§ Data shown:
=-=-=-=-=
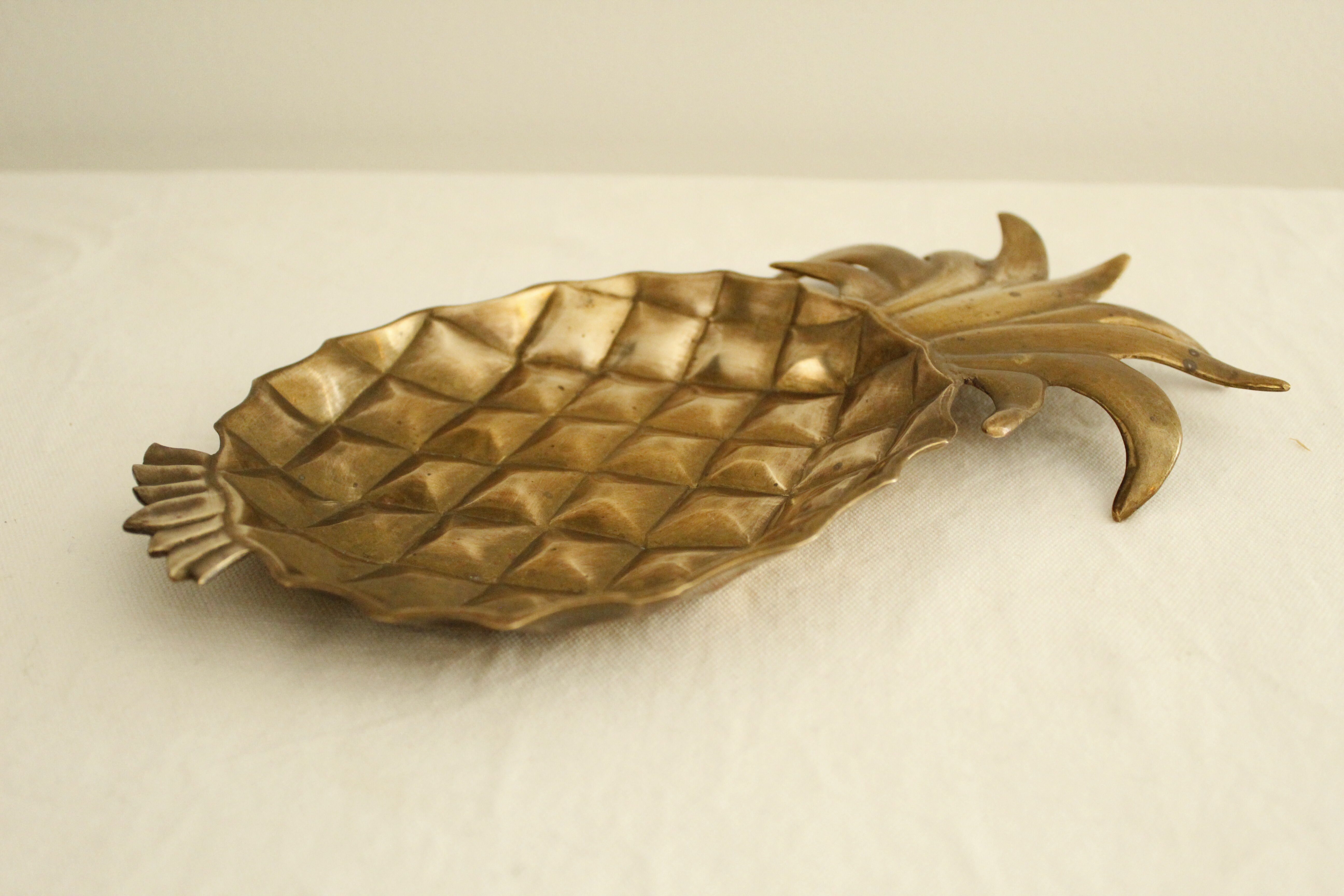 Tidy vintage pineapple brass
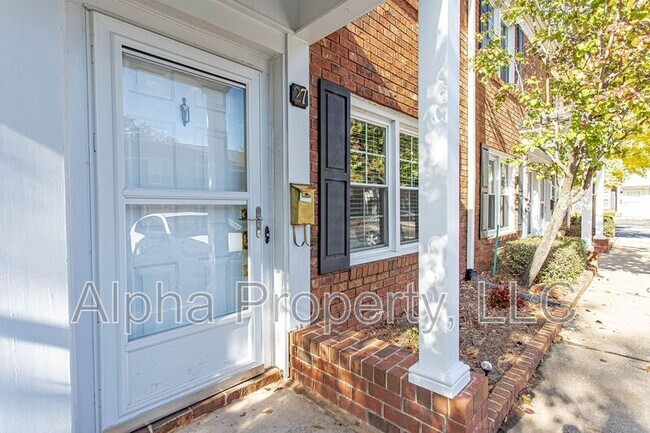 Building Photo - 501 Edwards Rd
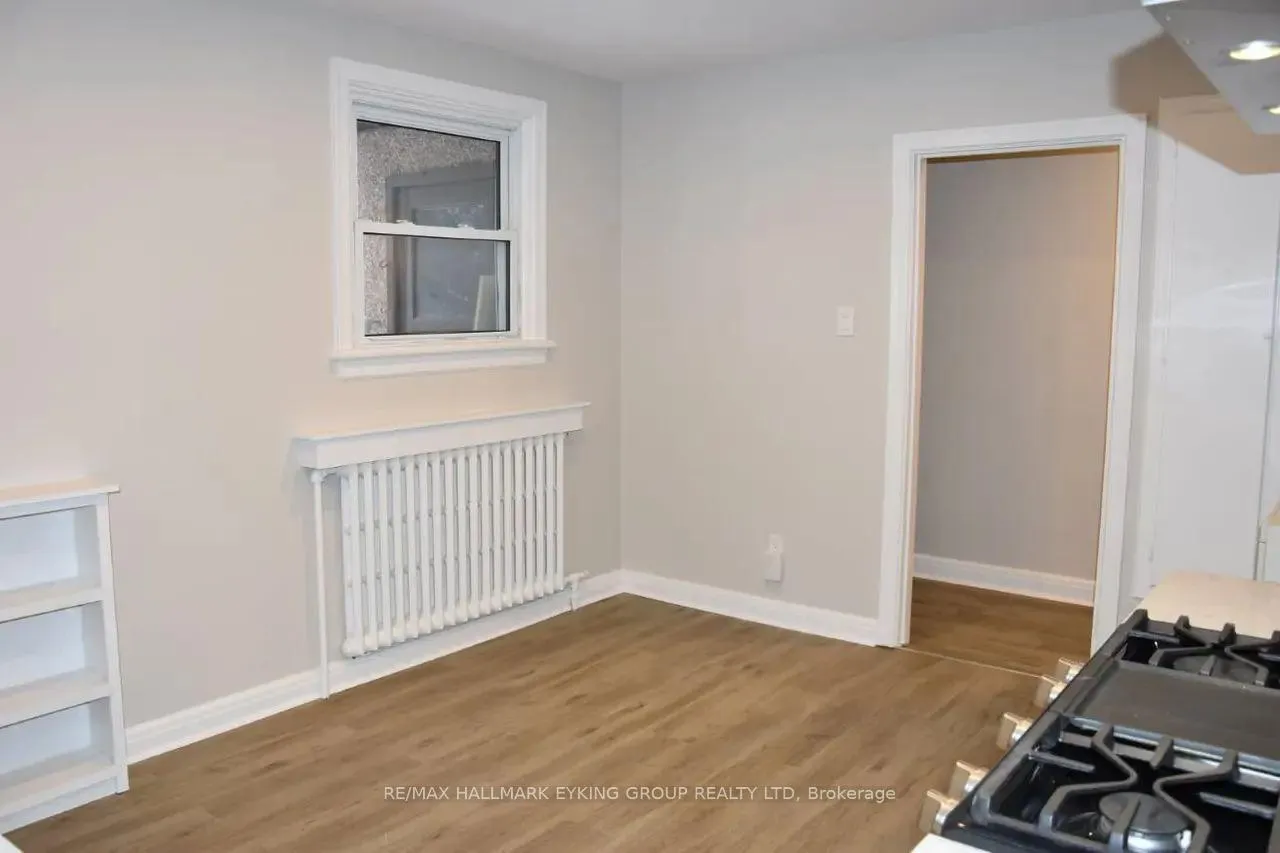 Photo 5 of Unit 2, 131 Hawthorne Avenue, Ottawa, Ottawa East — HOMEH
=-=-=-=-=
Line for line, retype the material exactly, omitting any pictures.

 Tidy vintage pineapple brass
 Building Photo - 501 Edwards Rd
 Photo 5 of Unit 2, 131 Hawthorne Avenue, Ottawa, Ottawa East — HOMEH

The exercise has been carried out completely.